* [Your goal]
Leave no picture in, and give every entry again exactly.
*** Opening Data for analysis ***
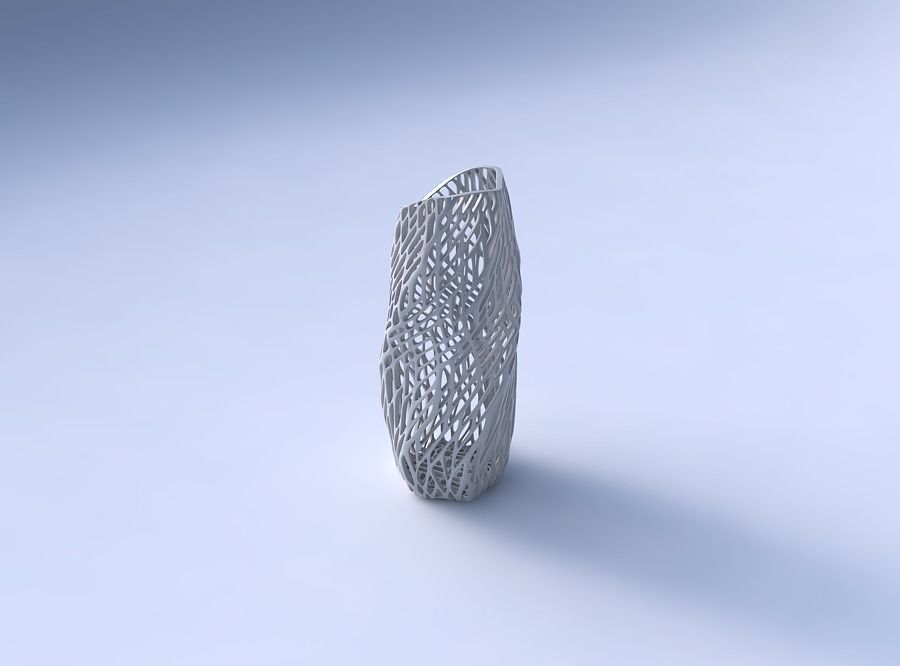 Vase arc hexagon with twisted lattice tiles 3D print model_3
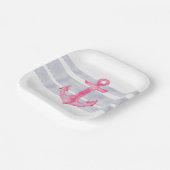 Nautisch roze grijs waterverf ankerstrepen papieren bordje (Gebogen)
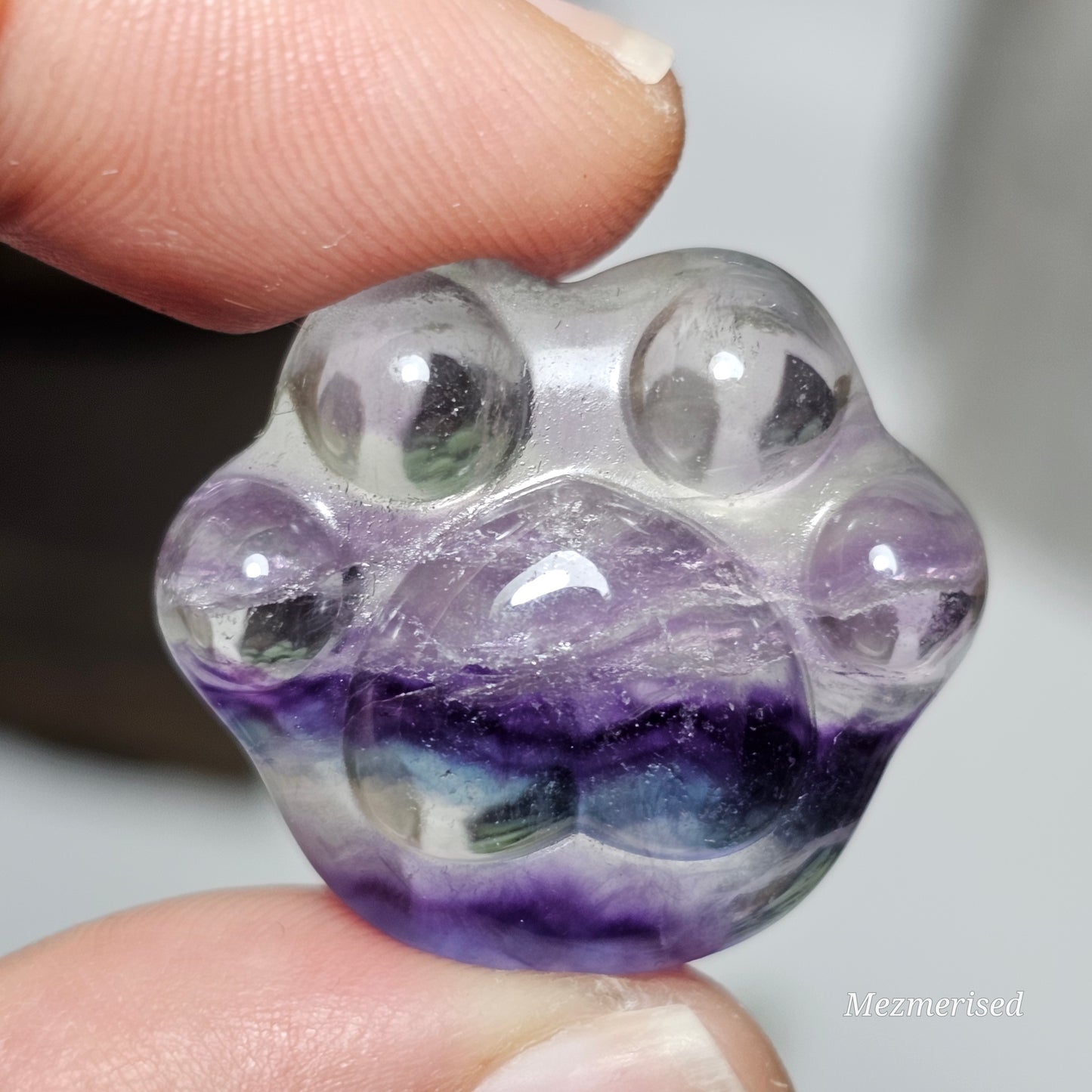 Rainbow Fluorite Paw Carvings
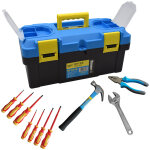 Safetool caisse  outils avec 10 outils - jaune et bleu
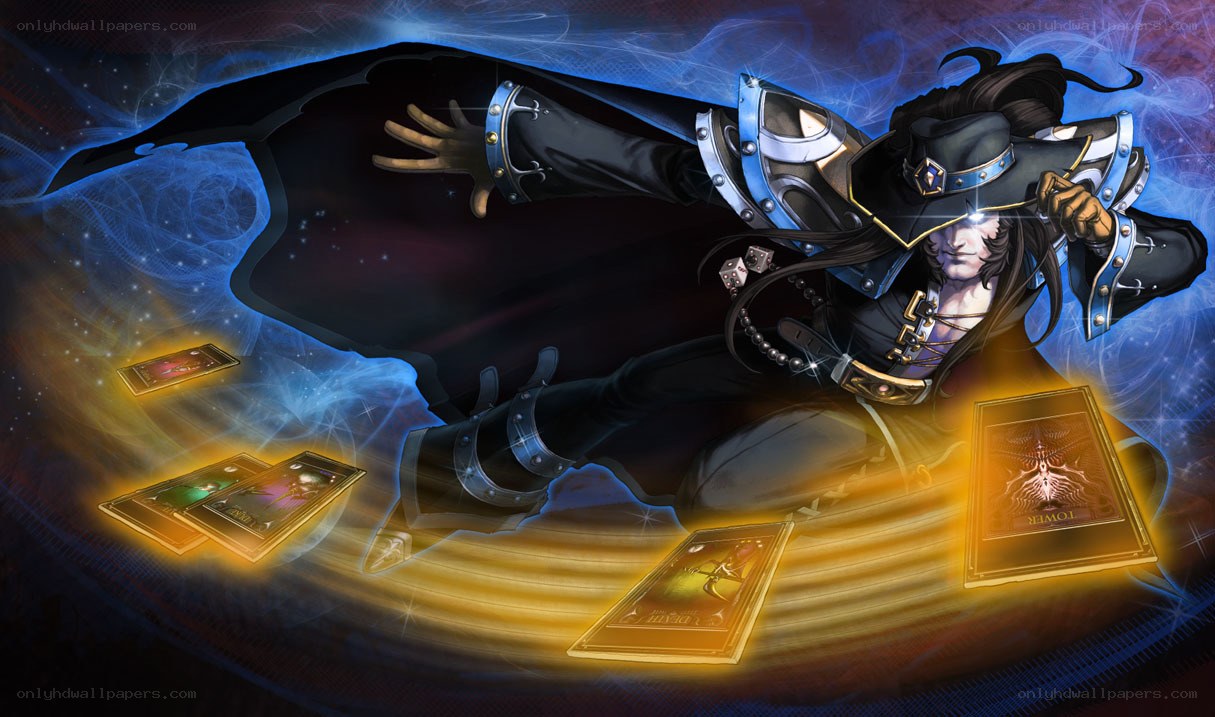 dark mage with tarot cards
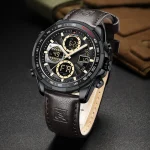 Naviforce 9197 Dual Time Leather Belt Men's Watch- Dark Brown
*** Closing Data for analysis ***
* [Response to the exercise]
 Vase arc hexagon with twisted lattice tiles 3D print model_3
 Nautisch roze grijs waterverf ankerstrepen papieren bordje (Gebogen)
 Rainbow Fluorite Paw Carvings
 Safetool caisse  outils avec 10 outils - jaune et bleu
 dark mage with tarot cards
 Naviforce 9197 Dual Time Leather Belt Men's Watch- Dark Brown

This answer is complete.